Summary
This study examined soil microbial communities in 40 samples from 10 urban allotment gardens in Santiago de Compostela, Spain, using DNA sequencing and network analysis. Despite expectations that anthropogenic activity would reduce microbial diversity, fungal and bacterial richness were comparable to less disturbed urban soils; however, communities showed a significantly more random assembly pattern and fragmented network structure indicative of anthropogenic homogenisation. The findings suggest that intensive management in urban allotments disrupts microbial co-occurrence networks and ecological assembly processes, with potential implications for soil health and ecosystem function.
Regional applicability
The study was conducted in Spain rather than the United Kingdom, though the findings are likely transferable to UK urban agriculture given similar climate zones and anthropogenic pressures.

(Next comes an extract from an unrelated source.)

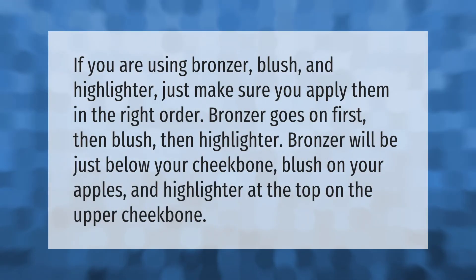If you are using bronzer, blush, and highlighter, just make sure you apply them in the right order. Bronzer goes on first, then blush, then highlighter. Bronzer will be just below your cheekbone, blush on your apples, and highlighter at the top on the upper cheekbone.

UK urban allotment and community garden systems would benefit from analogous microbial surveys to assess whether comparable randomisation of soil communities occurs under similar management intensities.
Key measures
Fungal and bacterial richness, community composition, tNST (taxonomic null deviation), pseudo-R² from neutral community models, network module size and connectivity
Outcomes reported
The study characterised fungal and bacterial community composition and diversity in urban allotment garden soils using ITS/16S marker gene sequencing and network analysis. It assessed whether microbial communities followed deterministic or random assembly patterns compared to other urban land-use categories.